ApproxBounds
computes an approximate upper and lower bound of the input set. It is designed
to be used to find the approximate support of a large input set, not to obtain a
precise minimum or maximum. This algorithm is mainly used to determine the
bounds of input sets inside bounded algorithms.
ApproxBounds
supports int64_t
and double
type input sets. When successful,
the returned Output
message will contain two elements. The
first is the differentially private lower bound; the second is the upper. The
Output
message will contain an error status instead if not enough inputs were
seen to determine the min and max.
ApproxBounds
has all the parameters of any Algorithm
. There
are additional parameters.
ApproxBounds<T>::Builder builder =
ApproxBounds<T>::Builder.SetNumBins(int64_t num_bins)
.SetScale(double scale)
.SetBase(double base)
// Option 1: Set the success probability for finding reasonable min/max.
absl::StatusOr<std::unique_ptr<ApproxBounds<T>>> approx_bounds =
builder.SetSuccessProbability(double success_probability)
.Build();
// Option 2: Set the bin threshold to choose a reasonable min/max.
absl::StatusOr<std::unique_ptr<ApproxBounds<T>>> approx_bounds =
builder.SetThreshold(double threshold)
.Build();
All of these additional parameters are optional and have default values.
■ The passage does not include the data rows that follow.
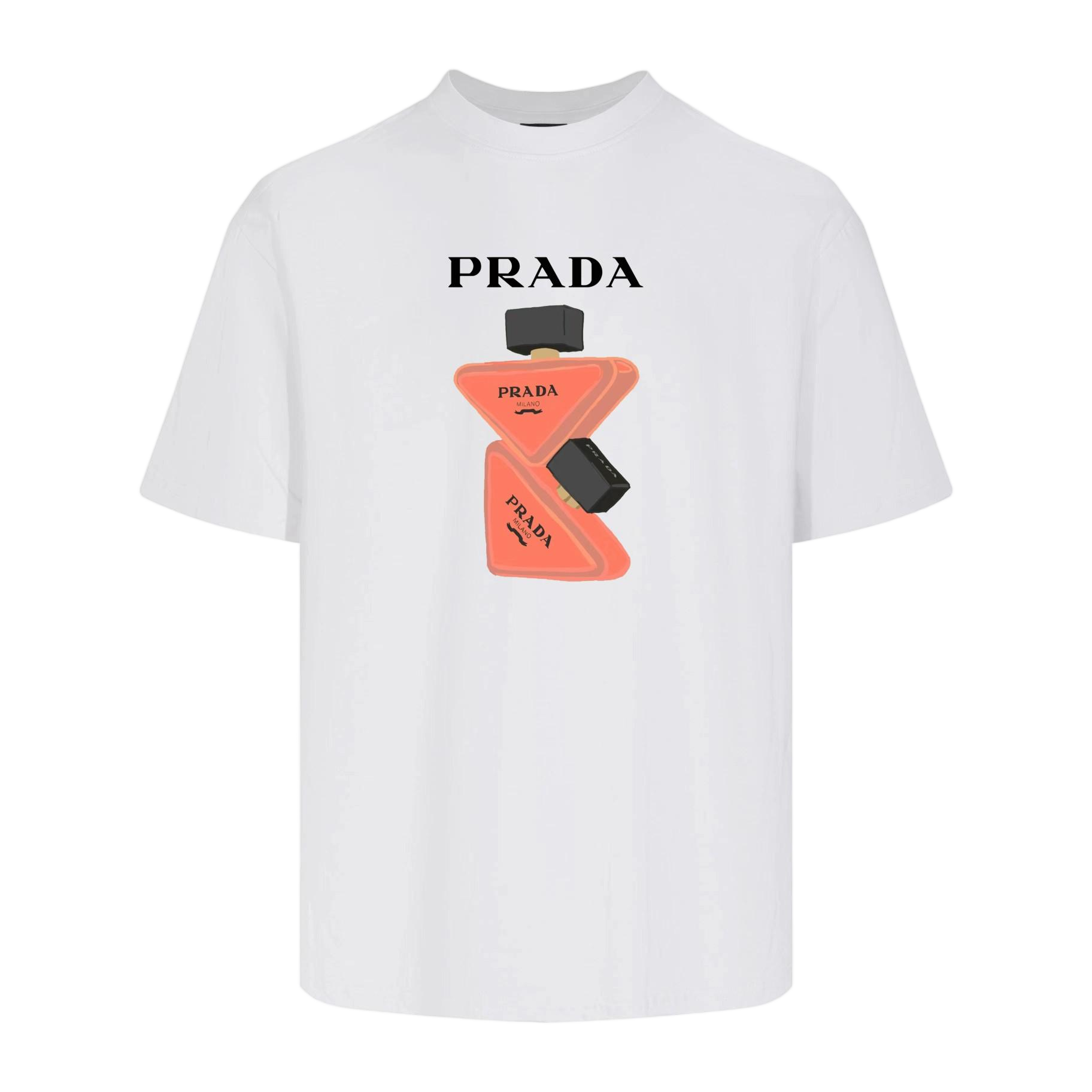 Prada T-Shirts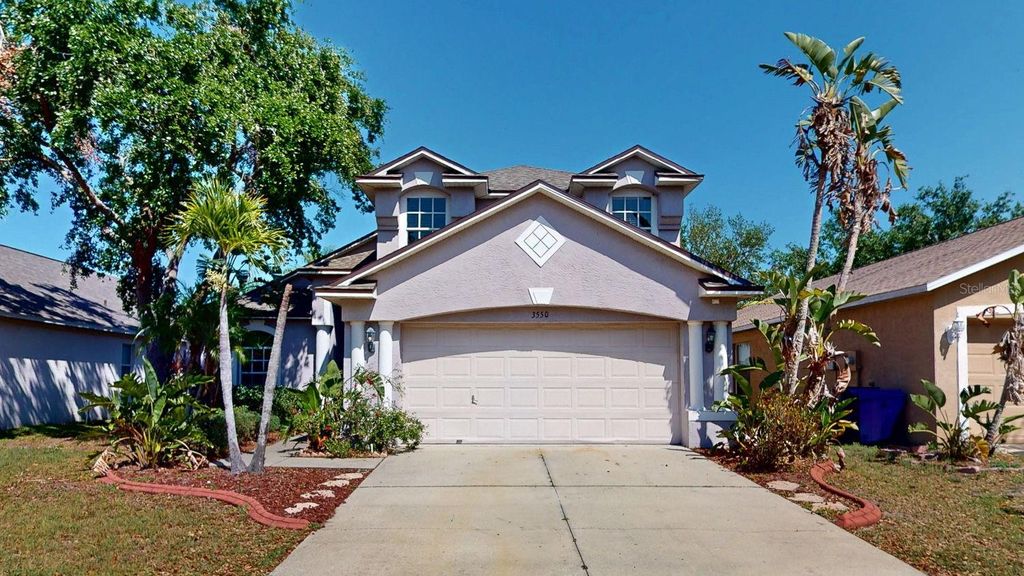 Photo of 3550 Osprey Cove Drive, Riverview, FL 33578 (MLS # TB8372905)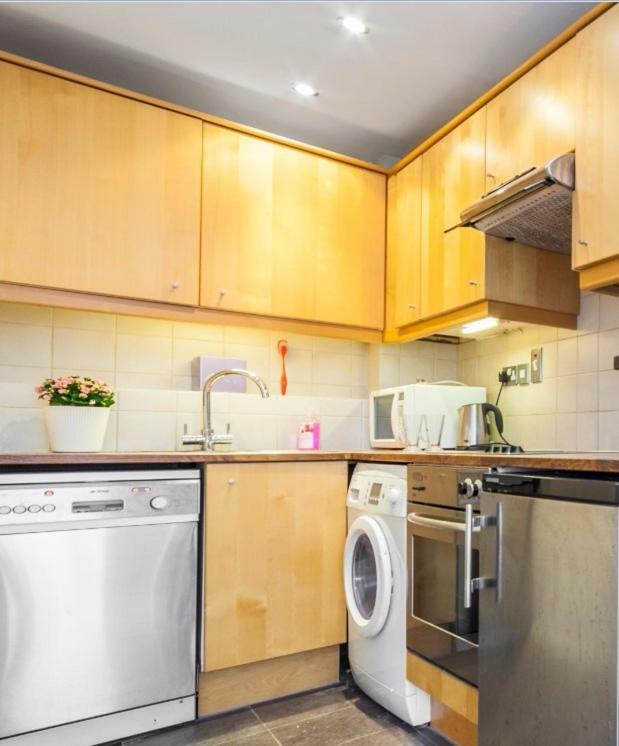 Apartament Kensington Londyn Zewnętrze zdjęcie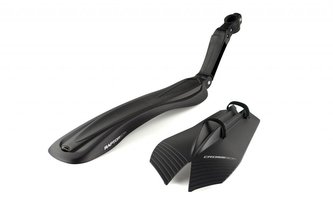 blatníky 4RACE Cross SDF Raptor + Cross černé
To
manually set appropriate values for these parameters, we must understand a bit
of the workings behind ApproxBounds
. The algorithm first creates histogram
bins that represent contiguous intervals in the range of data type T
. The
width of the intervals increases exponentially with base base
. The scale
is
the width of the smallest bin. There are num_bins
bins for positive numbers,
and num_bins
bins for negative numbers.
Inputs are partitioned into the histogram bins. When fetching the result, a
noisy count of inputs inside each bin is checked to see whether it exceeds a
threshold. Out of bins that exceed the threshold, the bin representing the
interval containing the largest values maps to the maximum; the one for the
smallest values maps to the minimum. The threshold is configured bia a
success_probability
, which is the probability that we will (correctly) return
no bounds for an empty dataset. Therefore the threshold is set high enough that
there is a less than 1 - success_probability
chance that noise added to any of
the bins will exceed the threshold. If no bin passes the threshold, we will
automatically relax the success_probobility
slightly, until we either find
bounds, or reach a minimum success_probability.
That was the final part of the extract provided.